The Rise And Fall of Fani Willis' Case Against Former President Trump

The Rise And Fall of Fani Willis’ Case Against Former President Trump

The anticipation is over, there’s finally a ruling in the motion to dismiss Fulton County District Attorney Fani Willis from the Georgia election interference case against former President Donald Trump and his co-defendants. On Friday, a Georgia Judge ruled that Willis could remain on the case — but there’s a catch.

Fulton County Superior Court Judge Scott McAfee ruled that Willis’ relationship with special prosecutor Nathan Wade had the “appearance of impropriety.” McAfee left Willis with two options: either Willis or Wade needs to go — meaning Wade will likely be the one to go.

Former San Francisco Prosecutor Paul Henderson says overall the ruling isn’t a significant mark against her. “From my perspective, it’s a vindication of her that she was not removed, which is exactly what they were seeking,” he said. “Appearance of impropriety, is not as significant as a ruling as impropriety. So I don’t think that it is a big slam or a big mark against her.”

Henderson notes that this outcome didn’t come completely out of left field. In fact, he and other experts told The Root last month that they predicted that Willis would not be removed from the case.

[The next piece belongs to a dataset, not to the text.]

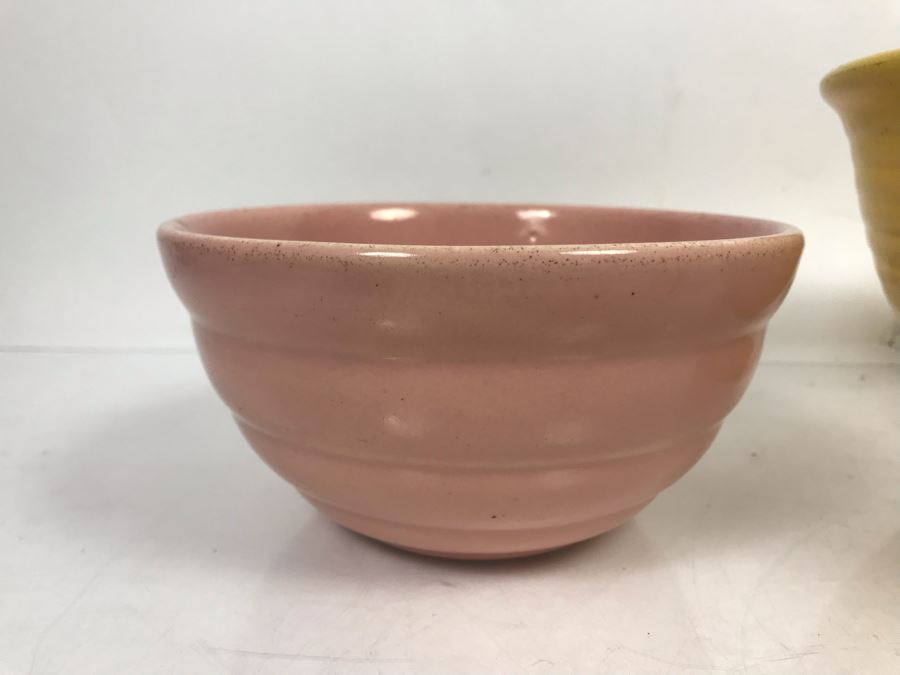 Pair Of Yellow And Pink Bauer Pottery Mixing Bowls 9'R And 6'R [Photo 7]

“They could not prove when the relationship began, they could not prove that there was a presumptive monetary exchange that benefitted Fani,” said Henderson. “And to me, these were the things that were the smoking guns… that just never materialized, and they couldn’t prove either bias or benefit.”

Henderson, who is Black, says that the media was too quick to assume that she was going down over this relationship. “I always thought that the conversations were too heavily made with a presumption of guilt about her and the proceedings and what the likely outcome was,” he says, “in part because it was Trump, but in part because of race and gender.”

The former San Francisco prosecutor says the likely outcome of this ruling is that Wade steps aside. “She’s not stepping aside, nor should she,” he said. “She is more important in her role in prosecuting the case than he is.”

Attorneys for the defendants in the case also weighed-in on the ruling. “While we believe the court should have disqualified Willis’ office entirely, this opinion is a vindication that everything put forth by the defense was true, accurate and relevant to the issues surrounding our clients right to a fair trial,” wrote Ashleigh Merchant, the attorney for defendant Michael Roman, who filed the original motion to disqualify Willis, in a statement obtained by Fox News. “The judge clearly agreed with the defense that the actions of Willis are a result of her poor judgment and that there is a risk to the future of this case if she doesn’t quickly work to cure her conflict.”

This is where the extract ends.